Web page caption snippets

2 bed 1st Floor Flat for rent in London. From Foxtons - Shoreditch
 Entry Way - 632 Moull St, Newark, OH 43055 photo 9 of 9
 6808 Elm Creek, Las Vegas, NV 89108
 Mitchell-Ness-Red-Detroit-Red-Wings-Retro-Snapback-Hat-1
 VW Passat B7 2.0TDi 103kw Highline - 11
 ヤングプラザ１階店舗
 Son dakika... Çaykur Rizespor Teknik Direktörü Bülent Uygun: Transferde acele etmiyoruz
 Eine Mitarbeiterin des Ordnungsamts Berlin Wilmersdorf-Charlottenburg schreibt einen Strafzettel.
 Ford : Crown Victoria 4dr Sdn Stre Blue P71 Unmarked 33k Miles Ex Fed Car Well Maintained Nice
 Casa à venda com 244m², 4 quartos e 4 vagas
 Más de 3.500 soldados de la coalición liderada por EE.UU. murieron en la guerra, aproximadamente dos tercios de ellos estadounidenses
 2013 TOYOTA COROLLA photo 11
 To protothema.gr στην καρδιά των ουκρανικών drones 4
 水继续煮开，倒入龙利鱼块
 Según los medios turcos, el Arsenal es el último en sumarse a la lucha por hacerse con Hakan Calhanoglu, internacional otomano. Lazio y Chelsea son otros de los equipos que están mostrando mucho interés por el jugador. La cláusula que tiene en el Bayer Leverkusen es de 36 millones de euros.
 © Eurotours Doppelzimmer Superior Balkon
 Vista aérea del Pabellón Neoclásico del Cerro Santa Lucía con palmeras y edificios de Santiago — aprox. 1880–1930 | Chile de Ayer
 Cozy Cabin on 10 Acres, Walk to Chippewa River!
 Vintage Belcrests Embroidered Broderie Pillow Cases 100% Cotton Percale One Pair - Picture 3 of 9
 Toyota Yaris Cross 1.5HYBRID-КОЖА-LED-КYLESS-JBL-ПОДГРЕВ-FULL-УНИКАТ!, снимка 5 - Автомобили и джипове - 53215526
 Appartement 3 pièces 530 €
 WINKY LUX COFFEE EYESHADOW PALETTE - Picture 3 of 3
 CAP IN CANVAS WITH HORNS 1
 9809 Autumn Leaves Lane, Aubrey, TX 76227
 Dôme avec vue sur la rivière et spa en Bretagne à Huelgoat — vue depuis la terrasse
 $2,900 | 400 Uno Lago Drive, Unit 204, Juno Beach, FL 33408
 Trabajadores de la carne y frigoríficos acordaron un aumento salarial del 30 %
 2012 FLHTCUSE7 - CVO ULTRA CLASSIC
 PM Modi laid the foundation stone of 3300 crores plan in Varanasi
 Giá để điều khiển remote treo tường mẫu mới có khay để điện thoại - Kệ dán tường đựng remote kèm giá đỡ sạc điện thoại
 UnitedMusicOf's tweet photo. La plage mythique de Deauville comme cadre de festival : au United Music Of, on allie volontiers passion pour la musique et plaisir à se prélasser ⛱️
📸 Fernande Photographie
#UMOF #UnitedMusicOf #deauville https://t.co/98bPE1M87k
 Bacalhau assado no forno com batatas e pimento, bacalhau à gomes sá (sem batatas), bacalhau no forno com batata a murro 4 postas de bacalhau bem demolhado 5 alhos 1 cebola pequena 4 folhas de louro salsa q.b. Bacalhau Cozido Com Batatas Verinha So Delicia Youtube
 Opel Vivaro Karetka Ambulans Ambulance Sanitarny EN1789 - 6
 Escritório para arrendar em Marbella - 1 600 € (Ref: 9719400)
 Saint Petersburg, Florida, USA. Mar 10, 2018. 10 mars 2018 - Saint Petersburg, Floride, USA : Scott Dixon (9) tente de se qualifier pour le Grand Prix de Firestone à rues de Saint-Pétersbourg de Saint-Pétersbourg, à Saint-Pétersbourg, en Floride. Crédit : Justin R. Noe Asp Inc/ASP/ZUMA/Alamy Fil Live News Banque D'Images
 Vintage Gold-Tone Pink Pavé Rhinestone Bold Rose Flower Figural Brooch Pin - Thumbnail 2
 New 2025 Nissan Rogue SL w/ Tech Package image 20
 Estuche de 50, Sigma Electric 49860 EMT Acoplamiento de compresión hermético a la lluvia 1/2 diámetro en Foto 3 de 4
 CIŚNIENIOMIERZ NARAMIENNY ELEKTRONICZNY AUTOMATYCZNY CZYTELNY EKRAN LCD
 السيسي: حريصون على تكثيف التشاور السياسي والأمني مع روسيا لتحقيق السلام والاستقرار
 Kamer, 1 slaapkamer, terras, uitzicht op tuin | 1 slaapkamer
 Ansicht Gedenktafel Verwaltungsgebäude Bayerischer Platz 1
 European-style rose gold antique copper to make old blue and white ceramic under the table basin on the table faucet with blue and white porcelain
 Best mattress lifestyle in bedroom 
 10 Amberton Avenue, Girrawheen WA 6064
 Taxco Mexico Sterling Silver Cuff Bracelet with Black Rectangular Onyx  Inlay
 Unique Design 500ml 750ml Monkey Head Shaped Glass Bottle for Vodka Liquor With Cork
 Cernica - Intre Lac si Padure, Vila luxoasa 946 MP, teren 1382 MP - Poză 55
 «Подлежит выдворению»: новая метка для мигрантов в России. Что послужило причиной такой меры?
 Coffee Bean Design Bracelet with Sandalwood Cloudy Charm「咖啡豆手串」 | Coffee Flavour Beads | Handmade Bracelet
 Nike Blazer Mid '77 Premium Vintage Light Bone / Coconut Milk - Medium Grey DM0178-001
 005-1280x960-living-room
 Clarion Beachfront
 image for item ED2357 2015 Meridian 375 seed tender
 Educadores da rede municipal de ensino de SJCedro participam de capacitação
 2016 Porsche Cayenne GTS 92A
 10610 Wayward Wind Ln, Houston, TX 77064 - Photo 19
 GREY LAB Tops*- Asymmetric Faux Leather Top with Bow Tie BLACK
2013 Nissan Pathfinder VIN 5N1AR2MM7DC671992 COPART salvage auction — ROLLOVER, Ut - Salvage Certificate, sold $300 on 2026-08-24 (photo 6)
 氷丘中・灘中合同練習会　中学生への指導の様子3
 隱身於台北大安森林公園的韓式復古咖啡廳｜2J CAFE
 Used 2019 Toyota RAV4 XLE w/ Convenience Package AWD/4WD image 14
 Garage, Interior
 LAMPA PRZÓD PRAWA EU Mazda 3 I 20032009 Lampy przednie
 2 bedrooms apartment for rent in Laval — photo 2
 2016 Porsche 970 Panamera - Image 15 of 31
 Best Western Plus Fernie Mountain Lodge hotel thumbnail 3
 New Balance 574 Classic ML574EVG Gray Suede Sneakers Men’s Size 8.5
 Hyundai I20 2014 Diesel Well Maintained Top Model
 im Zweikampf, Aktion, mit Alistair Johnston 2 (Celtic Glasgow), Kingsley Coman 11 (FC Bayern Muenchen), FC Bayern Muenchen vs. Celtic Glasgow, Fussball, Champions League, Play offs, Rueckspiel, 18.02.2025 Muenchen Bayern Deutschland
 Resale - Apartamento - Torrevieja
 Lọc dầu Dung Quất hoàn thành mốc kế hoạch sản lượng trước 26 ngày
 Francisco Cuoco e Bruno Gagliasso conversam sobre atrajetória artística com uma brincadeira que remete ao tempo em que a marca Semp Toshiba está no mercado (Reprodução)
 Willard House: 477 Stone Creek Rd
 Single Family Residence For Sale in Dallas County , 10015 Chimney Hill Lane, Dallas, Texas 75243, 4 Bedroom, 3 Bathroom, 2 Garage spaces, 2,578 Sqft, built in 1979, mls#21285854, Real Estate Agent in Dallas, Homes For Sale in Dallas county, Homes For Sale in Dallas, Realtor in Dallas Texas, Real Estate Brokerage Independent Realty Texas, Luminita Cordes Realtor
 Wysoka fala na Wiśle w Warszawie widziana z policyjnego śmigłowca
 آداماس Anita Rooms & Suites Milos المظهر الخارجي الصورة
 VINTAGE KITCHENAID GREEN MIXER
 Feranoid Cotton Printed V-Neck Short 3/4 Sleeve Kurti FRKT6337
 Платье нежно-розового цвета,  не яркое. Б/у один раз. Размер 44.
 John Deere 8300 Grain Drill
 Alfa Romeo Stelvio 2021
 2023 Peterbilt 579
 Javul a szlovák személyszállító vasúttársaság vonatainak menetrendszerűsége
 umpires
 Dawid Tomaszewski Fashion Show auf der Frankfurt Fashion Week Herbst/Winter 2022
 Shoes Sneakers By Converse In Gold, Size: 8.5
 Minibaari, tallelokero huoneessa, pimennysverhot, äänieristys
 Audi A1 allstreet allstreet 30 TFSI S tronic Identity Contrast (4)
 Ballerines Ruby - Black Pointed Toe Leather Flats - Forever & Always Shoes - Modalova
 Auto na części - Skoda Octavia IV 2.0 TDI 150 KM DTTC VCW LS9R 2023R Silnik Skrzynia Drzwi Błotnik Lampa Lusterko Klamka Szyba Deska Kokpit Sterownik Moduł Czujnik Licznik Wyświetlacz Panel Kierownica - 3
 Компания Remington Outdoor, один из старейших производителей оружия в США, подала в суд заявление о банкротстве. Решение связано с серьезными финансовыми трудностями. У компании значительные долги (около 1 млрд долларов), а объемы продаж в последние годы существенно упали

WHAT YOU SHOULD DO:
Look above for the line holding "Eine Mitarbeiterin des" and the line holding "To protothema.gr στην", then output exactly those two lines and every line between them, nothing more.

SOLVED PROBLEM:
 Eine Mitarbeiterin des Ordnungsamts Berlin Wilmersdorf-Charlottenburg schreibt einen Strafzettel.
 Ford : Crown Victoria 4dr Sdn Stre Blue P71 Unmarked 33k Miles Ex Fed Car Well Maintained Nice
 Casa à venda com 244m², 4 quartos e 4 vagas
 Más de 3.500 soldados de la coalición liderada por EE.UU. murieron en la guerra, aproximadamente dos tercios de ellos estadounidenses
 2013 TOYOTA COROLLA photo 11
 To protothema.gr στην καρδιά των ουκρανικών drones 4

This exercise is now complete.